[Brief descriptive captions]
┌────────

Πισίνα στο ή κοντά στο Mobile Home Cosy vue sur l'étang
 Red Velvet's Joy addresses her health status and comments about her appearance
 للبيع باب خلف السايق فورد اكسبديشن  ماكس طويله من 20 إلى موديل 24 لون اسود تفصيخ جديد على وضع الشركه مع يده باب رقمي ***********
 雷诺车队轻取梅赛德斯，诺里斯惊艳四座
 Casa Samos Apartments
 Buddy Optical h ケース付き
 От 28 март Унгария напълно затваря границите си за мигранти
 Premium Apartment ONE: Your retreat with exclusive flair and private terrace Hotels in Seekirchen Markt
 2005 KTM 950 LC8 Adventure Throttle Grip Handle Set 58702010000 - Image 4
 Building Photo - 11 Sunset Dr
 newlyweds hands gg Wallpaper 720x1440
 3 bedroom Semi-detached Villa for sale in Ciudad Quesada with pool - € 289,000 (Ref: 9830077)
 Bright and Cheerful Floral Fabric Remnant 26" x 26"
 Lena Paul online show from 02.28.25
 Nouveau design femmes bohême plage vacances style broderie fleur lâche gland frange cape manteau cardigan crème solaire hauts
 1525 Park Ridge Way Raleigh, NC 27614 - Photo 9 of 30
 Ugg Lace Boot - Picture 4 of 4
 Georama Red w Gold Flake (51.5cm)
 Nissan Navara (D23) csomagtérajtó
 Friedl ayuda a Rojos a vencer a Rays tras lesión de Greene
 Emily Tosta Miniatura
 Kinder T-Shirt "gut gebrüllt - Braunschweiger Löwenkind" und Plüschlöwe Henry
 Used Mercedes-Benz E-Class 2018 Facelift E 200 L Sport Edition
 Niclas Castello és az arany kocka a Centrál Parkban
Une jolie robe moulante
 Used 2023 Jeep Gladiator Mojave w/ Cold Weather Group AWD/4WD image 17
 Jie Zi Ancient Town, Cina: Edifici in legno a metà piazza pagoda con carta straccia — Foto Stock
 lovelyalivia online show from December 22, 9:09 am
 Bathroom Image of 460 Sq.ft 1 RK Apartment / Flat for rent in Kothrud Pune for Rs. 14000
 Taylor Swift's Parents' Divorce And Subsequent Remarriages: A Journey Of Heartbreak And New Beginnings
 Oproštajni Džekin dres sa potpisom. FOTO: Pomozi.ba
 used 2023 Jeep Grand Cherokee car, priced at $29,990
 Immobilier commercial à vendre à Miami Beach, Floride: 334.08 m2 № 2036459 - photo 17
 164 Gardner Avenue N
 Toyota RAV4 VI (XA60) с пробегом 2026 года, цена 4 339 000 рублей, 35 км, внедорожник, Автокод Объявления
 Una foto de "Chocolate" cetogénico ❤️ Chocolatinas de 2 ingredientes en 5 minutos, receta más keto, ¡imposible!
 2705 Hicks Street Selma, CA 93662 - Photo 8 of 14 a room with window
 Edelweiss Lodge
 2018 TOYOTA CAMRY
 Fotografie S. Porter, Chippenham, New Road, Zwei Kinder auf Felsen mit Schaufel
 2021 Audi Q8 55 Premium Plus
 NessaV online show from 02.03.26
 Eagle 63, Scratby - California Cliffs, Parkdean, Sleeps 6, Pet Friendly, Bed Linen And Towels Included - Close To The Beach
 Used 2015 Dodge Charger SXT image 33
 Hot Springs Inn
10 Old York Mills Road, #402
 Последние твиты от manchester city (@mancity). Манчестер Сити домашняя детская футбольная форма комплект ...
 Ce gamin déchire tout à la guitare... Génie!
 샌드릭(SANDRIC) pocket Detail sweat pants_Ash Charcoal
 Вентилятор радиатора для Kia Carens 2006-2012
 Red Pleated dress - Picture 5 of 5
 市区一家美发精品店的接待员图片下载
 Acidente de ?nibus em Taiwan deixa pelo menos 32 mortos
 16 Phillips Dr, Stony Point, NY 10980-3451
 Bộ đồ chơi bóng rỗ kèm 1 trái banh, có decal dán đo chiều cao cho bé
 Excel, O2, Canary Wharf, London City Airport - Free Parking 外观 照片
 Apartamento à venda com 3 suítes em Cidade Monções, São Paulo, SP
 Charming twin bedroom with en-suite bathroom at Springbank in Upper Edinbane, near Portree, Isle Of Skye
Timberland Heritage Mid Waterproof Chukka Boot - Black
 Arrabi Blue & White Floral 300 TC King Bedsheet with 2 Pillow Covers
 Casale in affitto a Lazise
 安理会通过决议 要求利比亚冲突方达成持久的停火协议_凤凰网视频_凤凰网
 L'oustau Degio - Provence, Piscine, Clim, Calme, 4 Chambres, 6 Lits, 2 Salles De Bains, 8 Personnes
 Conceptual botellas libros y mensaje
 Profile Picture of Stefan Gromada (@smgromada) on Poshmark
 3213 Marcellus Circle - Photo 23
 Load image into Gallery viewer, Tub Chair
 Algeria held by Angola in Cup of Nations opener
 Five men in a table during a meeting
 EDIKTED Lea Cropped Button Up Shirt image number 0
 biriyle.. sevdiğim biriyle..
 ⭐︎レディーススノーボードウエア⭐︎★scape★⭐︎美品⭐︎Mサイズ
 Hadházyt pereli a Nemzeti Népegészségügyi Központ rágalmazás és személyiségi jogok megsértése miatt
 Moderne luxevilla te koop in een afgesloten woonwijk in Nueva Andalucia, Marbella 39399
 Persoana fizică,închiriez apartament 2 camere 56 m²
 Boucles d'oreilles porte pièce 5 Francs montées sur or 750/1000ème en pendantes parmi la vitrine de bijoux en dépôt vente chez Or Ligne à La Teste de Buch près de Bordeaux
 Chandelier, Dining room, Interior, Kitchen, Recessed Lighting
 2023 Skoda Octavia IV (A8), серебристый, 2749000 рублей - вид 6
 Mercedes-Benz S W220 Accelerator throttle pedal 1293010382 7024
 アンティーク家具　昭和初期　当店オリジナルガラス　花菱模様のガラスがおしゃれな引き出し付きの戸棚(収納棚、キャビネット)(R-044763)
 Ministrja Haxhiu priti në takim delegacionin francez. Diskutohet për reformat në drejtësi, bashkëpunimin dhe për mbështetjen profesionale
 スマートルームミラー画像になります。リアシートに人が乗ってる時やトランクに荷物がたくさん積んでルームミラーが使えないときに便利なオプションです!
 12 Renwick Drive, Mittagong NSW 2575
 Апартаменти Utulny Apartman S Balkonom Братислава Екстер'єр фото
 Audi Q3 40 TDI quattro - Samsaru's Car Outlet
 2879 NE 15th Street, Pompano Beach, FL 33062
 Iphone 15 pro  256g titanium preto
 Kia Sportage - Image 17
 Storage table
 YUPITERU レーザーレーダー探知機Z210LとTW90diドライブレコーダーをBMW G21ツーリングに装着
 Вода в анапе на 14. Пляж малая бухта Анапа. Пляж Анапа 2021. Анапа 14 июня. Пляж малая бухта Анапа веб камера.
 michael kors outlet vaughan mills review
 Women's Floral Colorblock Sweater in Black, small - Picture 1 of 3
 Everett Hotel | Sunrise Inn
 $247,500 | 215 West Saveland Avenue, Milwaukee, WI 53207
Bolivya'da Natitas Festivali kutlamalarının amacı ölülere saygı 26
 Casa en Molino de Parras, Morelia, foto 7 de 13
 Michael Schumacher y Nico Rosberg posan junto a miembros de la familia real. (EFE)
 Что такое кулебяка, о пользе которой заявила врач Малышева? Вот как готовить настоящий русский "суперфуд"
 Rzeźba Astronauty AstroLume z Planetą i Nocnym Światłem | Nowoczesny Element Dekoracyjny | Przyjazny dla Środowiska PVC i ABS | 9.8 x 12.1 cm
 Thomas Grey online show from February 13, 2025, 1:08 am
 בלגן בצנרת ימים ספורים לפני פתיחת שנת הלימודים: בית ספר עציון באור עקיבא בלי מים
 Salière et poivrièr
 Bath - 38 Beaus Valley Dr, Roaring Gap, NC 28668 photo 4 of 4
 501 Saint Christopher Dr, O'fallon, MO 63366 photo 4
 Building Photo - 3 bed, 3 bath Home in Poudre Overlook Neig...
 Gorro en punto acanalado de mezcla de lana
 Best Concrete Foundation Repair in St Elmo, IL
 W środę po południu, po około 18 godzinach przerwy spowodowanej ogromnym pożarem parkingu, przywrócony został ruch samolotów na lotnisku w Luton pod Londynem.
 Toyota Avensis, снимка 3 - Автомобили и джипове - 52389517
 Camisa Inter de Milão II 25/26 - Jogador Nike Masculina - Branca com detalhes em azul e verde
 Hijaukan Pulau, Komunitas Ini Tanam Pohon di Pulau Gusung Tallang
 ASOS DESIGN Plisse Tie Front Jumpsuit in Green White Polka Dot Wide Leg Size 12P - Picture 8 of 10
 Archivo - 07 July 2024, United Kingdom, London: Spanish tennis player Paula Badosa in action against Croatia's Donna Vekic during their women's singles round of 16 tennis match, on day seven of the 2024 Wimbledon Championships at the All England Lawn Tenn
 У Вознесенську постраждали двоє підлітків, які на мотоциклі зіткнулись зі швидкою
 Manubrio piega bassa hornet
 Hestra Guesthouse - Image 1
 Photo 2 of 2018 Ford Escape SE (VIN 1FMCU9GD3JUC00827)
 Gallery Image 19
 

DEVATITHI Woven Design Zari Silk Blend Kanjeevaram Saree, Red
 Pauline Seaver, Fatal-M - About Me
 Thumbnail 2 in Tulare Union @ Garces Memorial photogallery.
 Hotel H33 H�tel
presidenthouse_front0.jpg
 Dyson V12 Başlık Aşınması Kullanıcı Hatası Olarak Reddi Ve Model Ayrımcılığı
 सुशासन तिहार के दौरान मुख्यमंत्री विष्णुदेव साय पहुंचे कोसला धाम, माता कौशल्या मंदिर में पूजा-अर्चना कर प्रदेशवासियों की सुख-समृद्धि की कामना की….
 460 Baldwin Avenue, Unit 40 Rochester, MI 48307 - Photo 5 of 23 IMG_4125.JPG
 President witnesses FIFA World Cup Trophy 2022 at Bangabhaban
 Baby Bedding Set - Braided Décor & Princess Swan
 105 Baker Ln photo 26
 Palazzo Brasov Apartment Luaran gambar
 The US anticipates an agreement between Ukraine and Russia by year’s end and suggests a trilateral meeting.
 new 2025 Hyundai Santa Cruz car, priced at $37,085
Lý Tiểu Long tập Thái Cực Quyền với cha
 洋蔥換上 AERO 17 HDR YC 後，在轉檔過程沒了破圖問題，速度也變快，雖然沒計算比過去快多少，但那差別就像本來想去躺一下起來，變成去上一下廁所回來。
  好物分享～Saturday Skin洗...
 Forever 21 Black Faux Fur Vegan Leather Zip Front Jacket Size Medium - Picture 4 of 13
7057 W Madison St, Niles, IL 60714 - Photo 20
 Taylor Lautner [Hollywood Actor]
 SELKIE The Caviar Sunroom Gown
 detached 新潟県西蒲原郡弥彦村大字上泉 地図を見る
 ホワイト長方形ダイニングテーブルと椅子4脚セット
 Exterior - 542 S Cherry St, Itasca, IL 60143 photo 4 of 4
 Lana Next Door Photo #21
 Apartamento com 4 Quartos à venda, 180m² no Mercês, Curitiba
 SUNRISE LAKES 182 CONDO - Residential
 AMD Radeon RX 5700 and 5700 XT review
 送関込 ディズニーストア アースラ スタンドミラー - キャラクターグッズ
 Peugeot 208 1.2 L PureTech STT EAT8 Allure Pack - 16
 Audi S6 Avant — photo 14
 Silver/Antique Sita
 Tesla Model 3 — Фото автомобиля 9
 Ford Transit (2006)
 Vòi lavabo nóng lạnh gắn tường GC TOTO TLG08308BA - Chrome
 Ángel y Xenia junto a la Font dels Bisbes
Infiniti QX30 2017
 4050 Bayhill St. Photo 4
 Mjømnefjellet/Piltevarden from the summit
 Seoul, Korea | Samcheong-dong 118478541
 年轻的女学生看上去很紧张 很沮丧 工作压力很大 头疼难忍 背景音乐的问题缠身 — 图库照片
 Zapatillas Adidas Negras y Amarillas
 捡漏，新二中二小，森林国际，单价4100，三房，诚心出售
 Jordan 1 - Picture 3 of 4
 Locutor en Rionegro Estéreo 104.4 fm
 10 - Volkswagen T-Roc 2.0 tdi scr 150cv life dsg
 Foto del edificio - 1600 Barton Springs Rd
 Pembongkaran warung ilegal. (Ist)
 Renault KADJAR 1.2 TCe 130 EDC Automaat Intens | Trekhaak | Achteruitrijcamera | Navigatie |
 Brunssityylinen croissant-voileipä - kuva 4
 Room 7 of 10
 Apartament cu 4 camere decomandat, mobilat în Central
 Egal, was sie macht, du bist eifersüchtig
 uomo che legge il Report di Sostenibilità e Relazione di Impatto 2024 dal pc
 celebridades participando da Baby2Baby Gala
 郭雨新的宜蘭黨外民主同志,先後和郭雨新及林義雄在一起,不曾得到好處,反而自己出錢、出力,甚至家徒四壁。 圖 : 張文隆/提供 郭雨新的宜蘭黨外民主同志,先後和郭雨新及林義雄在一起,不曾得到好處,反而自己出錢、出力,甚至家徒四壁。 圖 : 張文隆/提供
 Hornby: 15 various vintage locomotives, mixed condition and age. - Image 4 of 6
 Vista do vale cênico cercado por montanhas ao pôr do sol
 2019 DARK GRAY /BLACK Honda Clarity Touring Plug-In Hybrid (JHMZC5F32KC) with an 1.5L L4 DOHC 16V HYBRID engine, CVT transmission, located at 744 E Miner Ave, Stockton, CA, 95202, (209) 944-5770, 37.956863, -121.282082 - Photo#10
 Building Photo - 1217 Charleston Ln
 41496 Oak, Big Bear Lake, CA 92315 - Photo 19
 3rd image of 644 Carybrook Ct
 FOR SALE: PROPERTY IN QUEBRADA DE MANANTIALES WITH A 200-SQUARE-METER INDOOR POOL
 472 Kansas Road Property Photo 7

└────────

### What is being asked:
Above are the records; copy exactly the lines from the line with "アンティーク家具　昭和初期　当店オリジナ" through the line with "Casa en Molino", both included.

### Written response:
 アンティーク家具　昭和初期　当店オリジナルガラス　花菱模様のガラスがおしゃれな引き出し付きの戸棚(収納棚、キャビネット)(R-044763)
 Ministrja Haxhiu priti në takim delegacionin francez. Diskutohet për reformat në drejtësi, bashkëpunimin dhe për mbështetjen profesionale
 スマートルームミラー画像になります。リアシートに人が乗ってる時やトランクに荷物がたくさん積んでルームミラーが使えないときに便利なオプションです!
 12 Renwick Drive, Mittagong NSW 2575
 Апартаменти Utulny Apartman S Balkonom Братислава Екстер'єр фото
 Audi Q3 40 TDI quattro - Samsaru's Car Outlet
 2879 NE 15th Street, Pompano Beach, FL 33062
 Iphone 15 pro  256g titanium preto
 Kia Sportage - Image 17
 Storage table
 YUPITERU レーザーレーダー探知機Z210LとTW90diドライブレコーダーをBMW G21ツーリングに装着
 Вода в анапе на 14. Пляж малая бухта Анапа. Пляж Анапа 2021. Анапа 14 июня. Пляж малая бухта Анапа веб камера.
 michael kors outlet vaughan mills review
 Women's Floral Colorblock Sweater in Black, small - Picture 1 of 3
 Everett Hotel | Sunrise Inn
 $247,500 | 215 West Saveland Avenue, Milwaukee, WI 53207
Bolivya'da Natitas Festivali kutlamalarının amacı ölülere saygı 26
 Casa en Molino de Parras, Morelia, foto 7 de 13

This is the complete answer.